We currently implement the simplistic
one report per hour limit that we inherited from Breakpad on macOS. Chrome’s use of Breakpad on Windows had a limit of 20 reports per day. The only knob that we currently have is
--no-rate-limit, which lifts all limits entirely and really viable (we
used it for a while in Chrome on Windows, and then
stopped). Siggi did an analysis and found that in not allowing more than one near-contemporaneous report to become eligible for upload, there was surprisingly little loss of actionable data.
Now that we’re closing in on
recording crash reports for crashpad_handler on all supported platforms, it’s time to think about what this means for our rate limiting strategy. As crash report upload normally immediately follows a crash, it follows that a crash that occurs in crashpad_handler during upload, while it may be recorded, will not normally become eligible for upload. This leaves us with a blind spot in crash coverage for crashpad_handler.
I’d like to close up this hole and fix
bug 23. It seems that implementing a 20 report per day limit would be a good start. A two-tiered approach is also interesting: a dual limit of 20 reports per day and 5 per hour would prevent a flood of a full day’s quota of 20 reports from being uploaded all at once.
Rate limiting and retrying are related, and there’s a question of how to apply this policy: should we attempt 20 uploads per day, or should we allow 20 crash reports per day to become eligible for upload? I think I’m leaning toward the latter.
The other question is how often to retry failed uploads, and when to give up. An initial delay of an hour, with exponential backoff to 8 hours is probably sufficient. We could give up on trying to upload a report if we haven’t had any success after 2 days or 5 upload attempts, whichever comes first.

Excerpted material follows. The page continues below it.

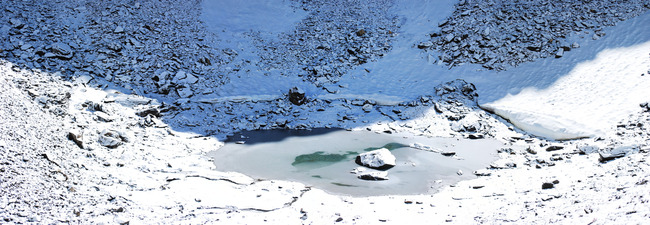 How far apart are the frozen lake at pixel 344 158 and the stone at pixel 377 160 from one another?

I’d eventually like to get to the point where we’re smart enough to defer an upload attempt if it looks like the network is down, but perhaps try the initial upload regardless of network status (because sometimes when it looks like it’s down, it’s not really). Network-aware upload will become increasingly important as we finish the Android client.
Please let me know what you think of this strategy, and help me tune the constants.